What tends to happen much more frequently now is that consultants work in networks so that they have good links with their colleagues in other centres. I think that that will continue as we move forward. The consultants tend to work across hospital sites in a trust and, sometimes, across hospital sites in several trusts. That works to the professionals’ advantage, because it maintains their skills and expertise. Importantly, provision of those specialist services also works to patients’ benefit. For example, the specialist services can be delivered as outreach in more rural areas. That is an important changing dynamic.
Mr Buchanan:
How does that networking happen? Is it done by telephone link or by some other means? Do consultants go out to those rural locations?
Dr M McCarthy:
It can be both. Obviously, it will vary depending on the particular specialty. For example, our cancer services’ regional component is based in Belfast, but oncologists are in cancer units. Many highly specialist folk might go out and provide clinics and a number of other facilities.
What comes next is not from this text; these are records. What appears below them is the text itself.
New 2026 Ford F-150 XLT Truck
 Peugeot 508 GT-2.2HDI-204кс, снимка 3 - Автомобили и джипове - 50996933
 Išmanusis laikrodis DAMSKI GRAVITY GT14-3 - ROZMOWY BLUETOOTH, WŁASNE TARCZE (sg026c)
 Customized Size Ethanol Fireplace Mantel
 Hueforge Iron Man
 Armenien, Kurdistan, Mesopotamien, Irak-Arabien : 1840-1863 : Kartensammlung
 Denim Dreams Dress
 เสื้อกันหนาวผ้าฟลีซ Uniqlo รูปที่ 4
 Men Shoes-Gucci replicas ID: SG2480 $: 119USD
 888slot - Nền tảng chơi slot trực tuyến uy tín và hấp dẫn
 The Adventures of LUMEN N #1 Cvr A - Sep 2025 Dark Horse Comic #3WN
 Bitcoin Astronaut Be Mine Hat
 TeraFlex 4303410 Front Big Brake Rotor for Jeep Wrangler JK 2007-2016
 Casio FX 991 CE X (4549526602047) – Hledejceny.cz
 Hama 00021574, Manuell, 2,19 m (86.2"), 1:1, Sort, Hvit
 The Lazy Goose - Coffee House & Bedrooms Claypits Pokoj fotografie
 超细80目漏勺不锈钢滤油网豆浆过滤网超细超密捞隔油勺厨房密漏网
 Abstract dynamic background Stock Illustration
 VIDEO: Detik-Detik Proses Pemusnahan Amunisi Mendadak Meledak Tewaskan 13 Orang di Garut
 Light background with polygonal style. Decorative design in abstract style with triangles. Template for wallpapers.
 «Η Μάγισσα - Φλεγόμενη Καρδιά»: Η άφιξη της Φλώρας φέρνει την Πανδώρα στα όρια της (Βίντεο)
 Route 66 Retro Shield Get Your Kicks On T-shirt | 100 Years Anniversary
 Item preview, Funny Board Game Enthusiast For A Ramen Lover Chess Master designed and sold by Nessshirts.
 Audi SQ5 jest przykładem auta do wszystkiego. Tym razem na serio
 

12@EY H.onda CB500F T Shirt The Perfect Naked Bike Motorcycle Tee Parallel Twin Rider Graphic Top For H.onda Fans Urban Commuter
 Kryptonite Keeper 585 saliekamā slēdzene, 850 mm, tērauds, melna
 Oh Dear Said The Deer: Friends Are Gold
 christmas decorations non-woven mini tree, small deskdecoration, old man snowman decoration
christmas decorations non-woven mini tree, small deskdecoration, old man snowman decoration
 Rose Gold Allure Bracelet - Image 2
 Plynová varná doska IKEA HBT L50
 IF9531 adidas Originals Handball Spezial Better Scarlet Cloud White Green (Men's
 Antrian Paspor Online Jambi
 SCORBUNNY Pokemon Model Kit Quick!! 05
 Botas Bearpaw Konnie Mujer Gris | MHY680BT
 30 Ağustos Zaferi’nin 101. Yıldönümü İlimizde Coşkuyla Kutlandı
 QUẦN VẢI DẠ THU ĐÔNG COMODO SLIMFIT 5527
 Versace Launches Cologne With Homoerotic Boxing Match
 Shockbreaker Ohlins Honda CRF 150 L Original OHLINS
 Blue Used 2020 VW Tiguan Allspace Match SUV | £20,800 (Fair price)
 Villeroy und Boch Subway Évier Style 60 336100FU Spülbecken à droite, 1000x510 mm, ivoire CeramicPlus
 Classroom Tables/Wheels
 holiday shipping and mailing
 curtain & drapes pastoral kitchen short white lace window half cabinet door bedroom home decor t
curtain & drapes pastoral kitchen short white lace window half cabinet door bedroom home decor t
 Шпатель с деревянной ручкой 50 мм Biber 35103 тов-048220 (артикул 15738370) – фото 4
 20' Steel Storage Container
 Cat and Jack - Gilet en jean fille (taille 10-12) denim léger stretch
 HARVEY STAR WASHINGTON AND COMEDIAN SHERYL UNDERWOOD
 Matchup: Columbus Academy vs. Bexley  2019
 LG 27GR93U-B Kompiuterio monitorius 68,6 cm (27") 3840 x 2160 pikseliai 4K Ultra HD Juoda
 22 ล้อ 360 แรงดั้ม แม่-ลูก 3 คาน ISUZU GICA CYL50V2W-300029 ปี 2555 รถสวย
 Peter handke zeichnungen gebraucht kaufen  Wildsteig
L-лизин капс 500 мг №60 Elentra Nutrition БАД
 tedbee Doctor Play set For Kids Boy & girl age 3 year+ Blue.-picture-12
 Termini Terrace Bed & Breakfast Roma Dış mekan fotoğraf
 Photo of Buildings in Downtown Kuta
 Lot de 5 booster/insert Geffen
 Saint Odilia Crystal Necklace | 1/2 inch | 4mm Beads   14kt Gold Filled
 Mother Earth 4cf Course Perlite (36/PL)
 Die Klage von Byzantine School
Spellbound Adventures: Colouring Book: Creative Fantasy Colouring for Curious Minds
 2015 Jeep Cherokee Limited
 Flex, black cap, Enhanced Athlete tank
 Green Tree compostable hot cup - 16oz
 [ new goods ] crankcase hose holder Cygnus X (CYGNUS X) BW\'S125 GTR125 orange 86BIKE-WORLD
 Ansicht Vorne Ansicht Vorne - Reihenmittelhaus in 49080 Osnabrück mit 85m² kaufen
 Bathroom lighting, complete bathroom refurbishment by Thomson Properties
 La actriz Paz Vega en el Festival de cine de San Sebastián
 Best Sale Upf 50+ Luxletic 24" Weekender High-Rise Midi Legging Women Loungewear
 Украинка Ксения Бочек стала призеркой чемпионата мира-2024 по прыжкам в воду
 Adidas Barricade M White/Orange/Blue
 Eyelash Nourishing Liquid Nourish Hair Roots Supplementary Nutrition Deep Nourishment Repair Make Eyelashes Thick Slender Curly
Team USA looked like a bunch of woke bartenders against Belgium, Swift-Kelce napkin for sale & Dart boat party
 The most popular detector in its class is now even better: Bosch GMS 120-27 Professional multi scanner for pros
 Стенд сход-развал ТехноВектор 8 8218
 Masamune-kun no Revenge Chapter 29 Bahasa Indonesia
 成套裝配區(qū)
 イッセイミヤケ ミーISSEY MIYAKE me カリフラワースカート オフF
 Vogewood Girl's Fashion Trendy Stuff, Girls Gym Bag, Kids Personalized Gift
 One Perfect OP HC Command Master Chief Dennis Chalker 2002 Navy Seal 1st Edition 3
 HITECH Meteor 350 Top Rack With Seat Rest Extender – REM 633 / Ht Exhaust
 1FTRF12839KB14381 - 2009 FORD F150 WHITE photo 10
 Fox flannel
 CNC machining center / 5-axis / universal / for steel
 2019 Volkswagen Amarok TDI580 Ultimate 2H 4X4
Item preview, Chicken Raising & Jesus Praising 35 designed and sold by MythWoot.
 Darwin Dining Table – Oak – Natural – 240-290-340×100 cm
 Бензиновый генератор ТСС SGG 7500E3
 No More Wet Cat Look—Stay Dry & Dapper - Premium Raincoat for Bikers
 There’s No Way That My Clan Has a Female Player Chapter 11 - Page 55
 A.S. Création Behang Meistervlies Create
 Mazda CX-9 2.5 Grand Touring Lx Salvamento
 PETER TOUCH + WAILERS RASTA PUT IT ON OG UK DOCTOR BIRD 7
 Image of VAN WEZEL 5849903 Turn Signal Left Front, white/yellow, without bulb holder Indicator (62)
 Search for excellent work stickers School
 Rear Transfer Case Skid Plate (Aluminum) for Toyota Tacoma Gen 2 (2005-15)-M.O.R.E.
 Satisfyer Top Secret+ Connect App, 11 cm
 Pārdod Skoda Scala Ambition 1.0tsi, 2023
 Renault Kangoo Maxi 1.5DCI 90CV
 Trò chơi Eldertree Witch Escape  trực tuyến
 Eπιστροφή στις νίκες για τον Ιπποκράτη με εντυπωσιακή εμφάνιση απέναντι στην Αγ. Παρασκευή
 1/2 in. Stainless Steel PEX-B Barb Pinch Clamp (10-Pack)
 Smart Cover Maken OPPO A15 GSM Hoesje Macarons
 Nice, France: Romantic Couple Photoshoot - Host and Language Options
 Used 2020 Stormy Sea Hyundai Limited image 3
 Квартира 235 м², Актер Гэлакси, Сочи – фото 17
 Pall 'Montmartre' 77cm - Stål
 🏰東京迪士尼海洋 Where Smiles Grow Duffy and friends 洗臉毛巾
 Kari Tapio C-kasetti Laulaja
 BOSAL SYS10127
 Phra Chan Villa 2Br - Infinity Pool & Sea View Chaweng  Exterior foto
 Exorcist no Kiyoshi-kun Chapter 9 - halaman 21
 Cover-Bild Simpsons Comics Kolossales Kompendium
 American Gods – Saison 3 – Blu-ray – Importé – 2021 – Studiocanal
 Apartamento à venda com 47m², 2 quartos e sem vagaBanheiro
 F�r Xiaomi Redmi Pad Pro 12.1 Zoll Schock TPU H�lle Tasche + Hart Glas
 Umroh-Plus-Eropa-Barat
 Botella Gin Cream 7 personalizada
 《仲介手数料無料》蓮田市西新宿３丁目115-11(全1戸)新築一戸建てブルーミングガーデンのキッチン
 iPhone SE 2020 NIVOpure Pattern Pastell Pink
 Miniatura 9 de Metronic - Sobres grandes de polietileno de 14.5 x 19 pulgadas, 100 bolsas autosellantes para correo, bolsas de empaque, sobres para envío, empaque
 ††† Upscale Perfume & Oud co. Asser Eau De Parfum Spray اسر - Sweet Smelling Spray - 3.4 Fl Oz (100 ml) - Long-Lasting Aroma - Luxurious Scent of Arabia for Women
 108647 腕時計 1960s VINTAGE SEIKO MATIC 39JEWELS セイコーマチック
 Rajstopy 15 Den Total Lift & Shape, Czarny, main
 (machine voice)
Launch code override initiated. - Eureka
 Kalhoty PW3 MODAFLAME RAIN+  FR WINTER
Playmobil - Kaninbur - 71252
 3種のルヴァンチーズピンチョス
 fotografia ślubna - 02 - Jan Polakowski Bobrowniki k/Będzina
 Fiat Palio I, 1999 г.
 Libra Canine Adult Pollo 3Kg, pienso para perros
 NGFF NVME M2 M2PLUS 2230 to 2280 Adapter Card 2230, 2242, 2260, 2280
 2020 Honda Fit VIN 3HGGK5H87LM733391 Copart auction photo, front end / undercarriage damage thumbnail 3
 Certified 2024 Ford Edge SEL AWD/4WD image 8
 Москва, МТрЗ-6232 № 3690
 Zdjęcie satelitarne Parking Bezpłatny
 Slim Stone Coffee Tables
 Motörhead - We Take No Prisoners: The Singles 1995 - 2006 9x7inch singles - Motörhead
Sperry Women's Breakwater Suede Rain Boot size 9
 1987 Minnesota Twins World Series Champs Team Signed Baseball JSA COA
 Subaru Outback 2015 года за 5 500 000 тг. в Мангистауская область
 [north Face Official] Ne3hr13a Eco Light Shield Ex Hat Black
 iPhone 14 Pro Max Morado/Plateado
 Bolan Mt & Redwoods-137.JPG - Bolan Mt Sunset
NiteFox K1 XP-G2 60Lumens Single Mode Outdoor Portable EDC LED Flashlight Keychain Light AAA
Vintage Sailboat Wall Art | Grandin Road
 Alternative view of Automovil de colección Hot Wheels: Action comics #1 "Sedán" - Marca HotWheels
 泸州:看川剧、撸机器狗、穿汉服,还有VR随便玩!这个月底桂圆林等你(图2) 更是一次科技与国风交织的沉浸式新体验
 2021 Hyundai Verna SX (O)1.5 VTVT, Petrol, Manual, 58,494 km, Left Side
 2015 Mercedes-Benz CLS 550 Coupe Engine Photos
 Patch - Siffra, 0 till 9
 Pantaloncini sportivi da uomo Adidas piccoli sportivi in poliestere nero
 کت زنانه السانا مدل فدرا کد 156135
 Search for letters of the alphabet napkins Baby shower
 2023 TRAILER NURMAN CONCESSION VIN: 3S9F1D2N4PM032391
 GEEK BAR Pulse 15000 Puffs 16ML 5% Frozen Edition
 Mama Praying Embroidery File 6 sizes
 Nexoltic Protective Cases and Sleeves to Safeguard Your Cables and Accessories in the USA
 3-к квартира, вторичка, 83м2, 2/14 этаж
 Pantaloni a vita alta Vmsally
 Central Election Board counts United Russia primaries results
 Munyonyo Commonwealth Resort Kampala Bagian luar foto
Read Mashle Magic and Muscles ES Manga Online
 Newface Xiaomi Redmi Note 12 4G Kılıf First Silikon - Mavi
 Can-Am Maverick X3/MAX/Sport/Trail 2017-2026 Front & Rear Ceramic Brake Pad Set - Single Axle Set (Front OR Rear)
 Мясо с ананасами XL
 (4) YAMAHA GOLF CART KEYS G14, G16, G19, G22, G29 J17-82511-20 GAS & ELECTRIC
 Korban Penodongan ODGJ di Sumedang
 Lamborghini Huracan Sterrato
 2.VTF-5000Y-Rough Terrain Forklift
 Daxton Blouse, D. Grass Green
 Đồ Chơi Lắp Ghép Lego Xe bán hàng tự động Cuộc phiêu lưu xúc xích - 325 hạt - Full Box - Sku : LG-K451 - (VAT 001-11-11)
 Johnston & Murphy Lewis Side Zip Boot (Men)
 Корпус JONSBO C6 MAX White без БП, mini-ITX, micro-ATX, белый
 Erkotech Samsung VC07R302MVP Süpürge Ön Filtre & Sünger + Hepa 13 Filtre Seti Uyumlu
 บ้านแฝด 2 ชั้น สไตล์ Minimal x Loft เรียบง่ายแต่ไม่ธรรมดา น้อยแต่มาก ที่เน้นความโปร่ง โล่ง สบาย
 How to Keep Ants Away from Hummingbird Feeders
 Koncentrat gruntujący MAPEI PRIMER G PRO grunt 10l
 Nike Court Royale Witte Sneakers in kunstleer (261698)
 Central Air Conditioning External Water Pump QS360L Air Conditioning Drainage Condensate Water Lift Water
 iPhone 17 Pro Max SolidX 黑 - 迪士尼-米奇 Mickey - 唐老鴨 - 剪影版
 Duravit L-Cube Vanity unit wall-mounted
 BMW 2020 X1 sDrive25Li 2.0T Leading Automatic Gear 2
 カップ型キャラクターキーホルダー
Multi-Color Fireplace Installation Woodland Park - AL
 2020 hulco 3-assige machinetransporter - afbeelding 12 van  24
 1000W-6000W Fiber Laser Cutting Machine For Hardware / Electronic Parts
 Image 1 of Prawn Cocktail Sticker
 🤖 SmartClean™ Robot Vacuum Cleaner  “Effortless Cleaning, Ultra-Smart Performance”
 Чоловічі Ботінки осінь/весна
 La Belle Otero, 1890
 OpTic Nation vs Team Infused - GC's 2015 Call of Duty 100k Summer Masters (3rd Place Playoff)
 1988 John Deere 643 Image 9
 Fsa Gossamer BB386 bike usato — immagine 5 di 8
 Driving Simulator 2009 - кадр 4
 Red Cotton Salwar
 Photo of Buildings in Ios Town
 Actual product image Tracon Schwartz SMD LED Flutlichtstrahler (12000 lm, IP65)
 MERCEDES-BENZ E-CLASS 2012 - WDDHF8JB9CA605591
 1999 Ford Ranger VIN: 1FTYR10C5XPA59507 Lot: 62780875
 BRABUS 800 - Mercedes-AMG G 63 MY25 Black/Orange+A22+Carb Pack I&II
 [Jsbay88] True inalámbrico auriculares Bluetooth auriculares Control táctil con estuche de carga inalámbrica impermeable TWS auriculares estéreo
As well as visiting consultants, telephone links have been established for that communication. Radiology links are much easier to establish because radiologists can access X-rays on their computer screens, and it is even possible to do that at home. Therefore, there are many aspects to the networking, but it all means that there is a joined-up approach to healthcare provision, rather than thinking that a site or place is the only component.
The Acting Chairperson:
Thank you for your interesting presentation. We hope to see you again soon.